Marketing using someone else's budget

Piggyback marketing

When your marketing budget is limited, there's an easy way to add power to your promotions: piggyback. Piggyback marketing essentially means using someone else's marketing budget to benefit your business. 

Obviously I don't mean actually using their money, but rather harnessing the power of their activity and piggybacking on the awareness they're able to create. It's a bit like riding in the slipstream of a more powerful vehicle. 

Read on for some ideas for current trends you can easily piggyback 

One part of piggyback marketing is to look at trends and what's happening in the wider world. You can create marketing around any emerging trends. Another option is to 'newsjack'. I think this latest term sounds a bit ominous so I still talk about piggyback marketing. 

Every day there are news stories that everyone notices, TV programmes that people talk about, attention-grabbing book launches.

Newsjacking means taking a story or something that's getting a lot of interest, finding a connection to your business, and using it in your own marketing. Because people are already noticing that topic, they're more likely to connect with your story. So you're essentially able to benefit from their bigger promotional power and marketing budgets.

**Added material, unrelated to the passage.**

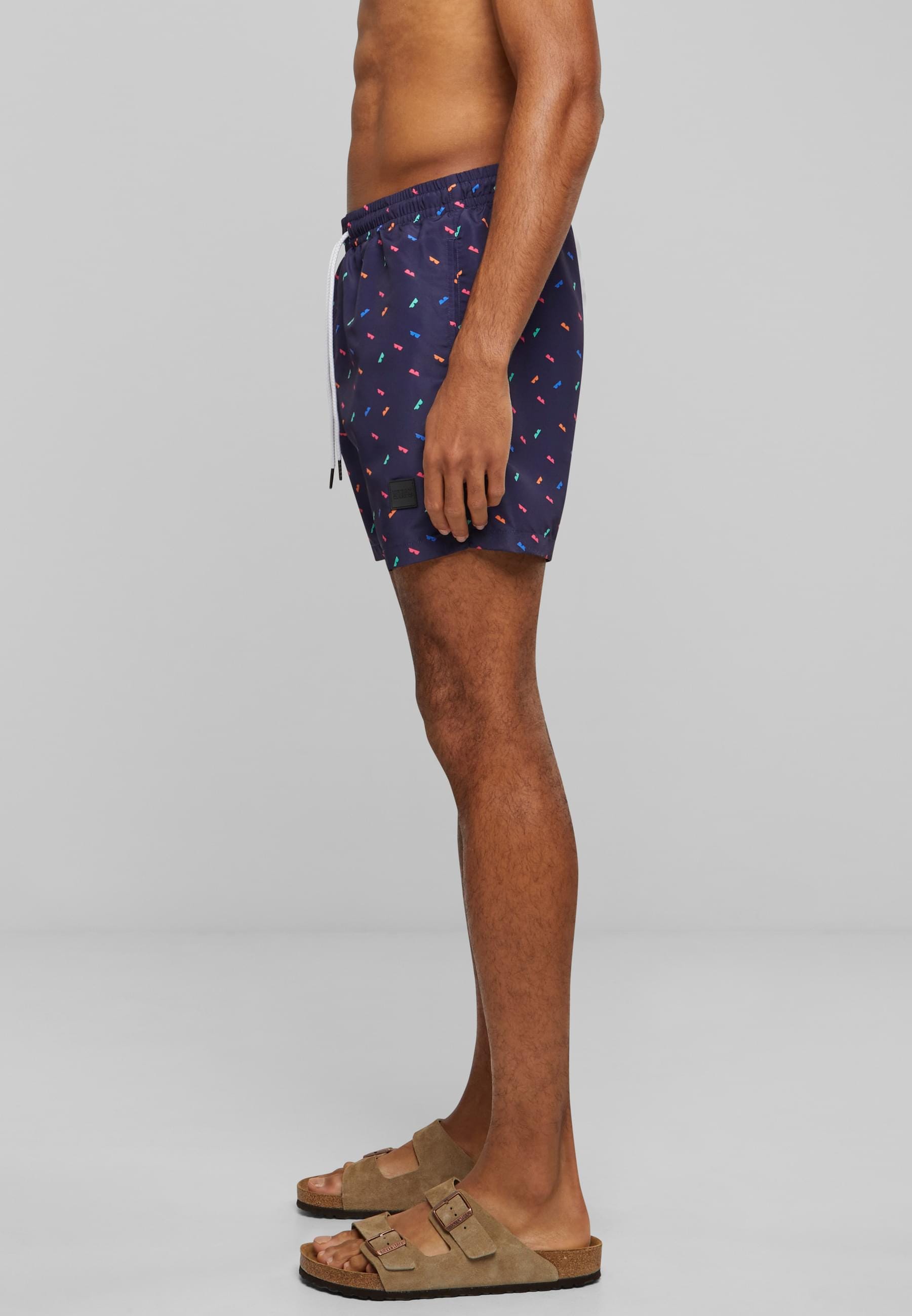 URBAN CLASSICS Badeshorts »Urban Classics Herren Pattern Swim Shorts«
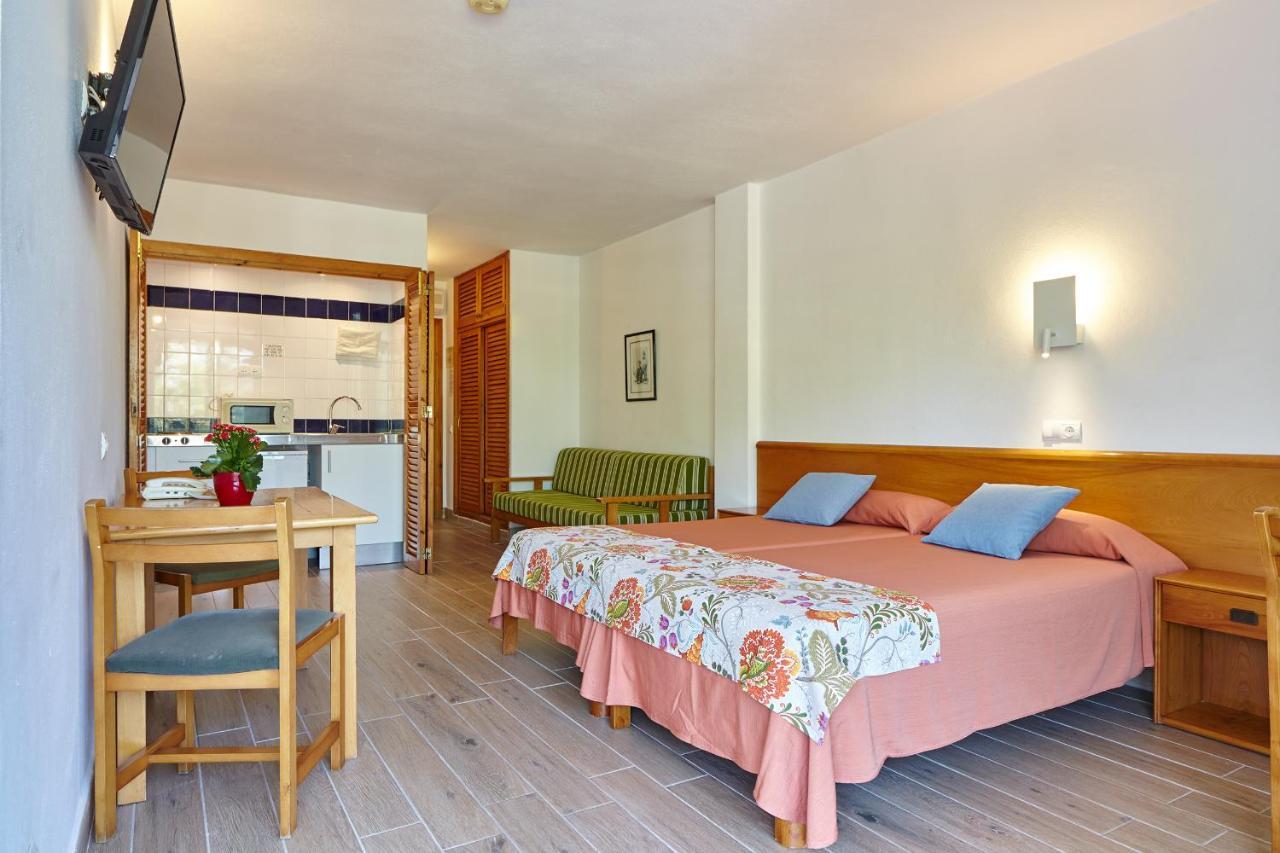 Apartamentos Ses Savines Sant Antoni de Portmany Extérieur photo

Finding a relevant news story isn't always easy so I like to use the same tactic but a different approach for tourism marketing: TV programmes, books and magazine articles. You could also take advantage of other current trends such as an increased interest in the environment, birdwatching and wholesome activities. 

Whether you want to use news stories, popular TV programmes (for example, a programme that highlights walks in your area) or other angles, the starting point is to find good angles and spot trends.

Some ideas for trends and interest points you might be able to use in your own marketing

Social media is usually a good source of inspiration. I just spent under two minutes scrolling through twitter and came up with these themes: 

  • Plants (thanks to environmental interest and David Attenborough's Green Planet - do you have a lot of plants in your business? Someone nearby with a nursery or who does talks? Visitor attractions with plants? 
  • The Repair Shop seems to have enduring appeal, sparking interest in make-do-and-mind, antiques, stories behind objects
  • Working form home - this doesn't have to necessarily mean working from our own home. If you have accommodation with a desk and decent wifi, you could provide off-season working from home breaks
  • Nature and the environment - new and different angles to this theme are much sought after by journalists
  • Rhubarb - now is the season for Yorkshire Rhubarb, which might prompt ideas connected to other seasonal food and specialities
  • Queen's Platinum Jubilee celebration plans are now starting to gather pace - is there a connection you can use? 
  • Dog-friendly - during the lockdowns dog ownership spiralled, leading to strong demand for dog-friendly facilities. The opposite is also true: there's a demand for pet-free locations for those who don't like animals or are allergic
  • When programmes like Bake Off or Sewing Bee are on TV, there's always more interest in these crafts. For example, you could create a Pudding Trail around your business when Bake Off is on

Ways to use trends and piggyback marketing

You can track key words and hashtags on social media, and set up Google Alerts. There are three key things to remember when you choose something to piggyback on:

1. it must be relevant to your business - you need to find a relevant connection that isn't too contrived. If it is contrived, humour is useful.

2. once you've found a topic or angle, you need to act quickly - it won't be relevant for ever

3. it must be appropriate - some things might be newsworthy but it's distasteful to use them

It's important  to find something that will add value to your business, raising awareness of something that you already do. So for example, if you have accommodation in the countryside or organise walking tours, then piggybacking on a TV programme featuring walks make sense as it can help position your business as a good base for walkers.

The topic could be relevant to you because:

  • of your location
  • the story of your business or what you do
  • something you offer related directly to the story or topic you've chosen
  • some one in your business knows about that topic and can talk about it with genuine authority
  • Once you've chosen your topic, think what you'd like to achieve. Do you have a particular call to action in mind? What are you going to get people to do? To look at a particular page on your website (that's directly relevant to this topic and mentions the TV programme for example)? Or to share with a friend? 

Adapt your message, find a good relevant photo, use the right hashtags, fpost it on social media or include in a press release (you'll need to be quick to maintain relevance). If you use several social media channels, it's worth starting with the one that you're strongest on so you can get a better response. If nothing happens and no-one shares or reacts, it could be just down to timing or the image so it's often worth repeating at a different time. If you get a response, repeat on different social media channels and use adapted wording repeat at regular intervals. 

Look out for other stories and posts about the topic you're posting on, and start to comment on them, or share them to get more attention, adding your own comments. 

Don't forget to make it fast! Keep going for as long as people share and show interest but don't overdo it.